Rare mutations in specific sets of genes may increase one’s chances of developing schizophrenia, according to investigators at Icahn School of Medicine at Mount Sinai, who recently led one of the largest and most comprehensive exome-sequencing studies of the psychiatric illness.

The findings, documented in two studies in the January 22, 2014, online issue of Nature, are helping researchers piece together the complex genetic architecture involved in schizophrenia, a chronic, debilitating illness that affects approximately 1 percent of the world’s population, including 2.4 million Americans. The studies showed that some of the same genes implicated in schizophrenia also are associated with autism and intellectual disability.

“Many different DNA changes, some rare and some common in the population, affect a person’s risk of developing schizophrenia,” says Pamela Sklar, MD, PhD, Chief of the Division of Psychiatric Genomics, and Professor of Psychiatry, Neuroscience, and Genetics and Genomic Sciences at Icahn School of Medicine at Mount Sinai, who was one of the lead investigators. “We are working through all of the kinds of changes and examining them, so that we can understand the genetic risk factors that lead to schizophrenia.”

Dr. Sklar and Shaun Purcell, PhD, the studies’ co-lead investigator, who is Associate Professor of Psychiatry at Icahn School of Medicine, collaborated with researchers from major institutions around the world, including Sweden, the United Kingdom, Bulgaria, and the United States.

One of the studies sequenced all of the genes of 2,536 patients with schizophrenia and 2,543 controls, with DNA samples collected by researchers at the Karolinska Institute in Sweden. The other study performed exome sequencing on 623 “trios” from Bulgaria, comprised of patients with schizophrenia and their parents.

“This is the most comprehensive look at the rare coding variants involved in schizophrenia to date,” says Dr. Purcell. “The sheer volume of data generated in these projects is remarkable and the findings suggest new ways of thinking about the role of rare mutations in schizophrenia, given the large number of genes implicated and the synaptic biology to which they point.”

Over the years, limited accessibility to the brain has made the organ uniquely difficult to study. With little direct information about brain tissue, and no available blood tests, schizophrenia and other mental illnesses are diagnosed solely by examining the patient’s behavior.

The studies represent the first of many more steps that will be needed to truly understand the illness. Down the line, says Dr. Sklar, the researchers will examine what drives the mutations and why some lead to autism instead of schizophrenia. They will also use stem-cell technology to manipulate cells, and to see whether early interventions can improve a patient’s prognosis.

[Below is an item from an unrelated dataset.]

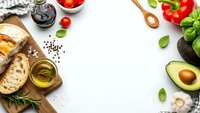 Fresh ingredients frame with bread, avocado, tomatoes, olive oil and herbs on white background. Cooking and healthy eating concept for recipes.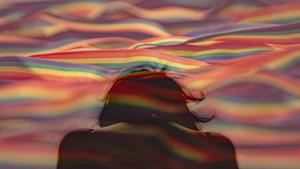 PFP Aesthetic Woman In Rainbow Waves pfp aesthetic wallpaper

“Despite the fact that we have known for decades that schizophrenia is highly heritable—with 65 percent to 80 percent of the risk being genetic—it has not been possible to identify individual genes that comprise that risk,” says Eric J. Nestler, MD, PhD, Nash Family Professor of Neuroscience and Director of The Friedman Brain Institute at Mount Sinai. “These exciting new discoveries provide a path not only for a better understanding of the biological basis of schizophrenia, but also for developing fundamentally more effective ways of treating and, ultimately, preventing the illness.”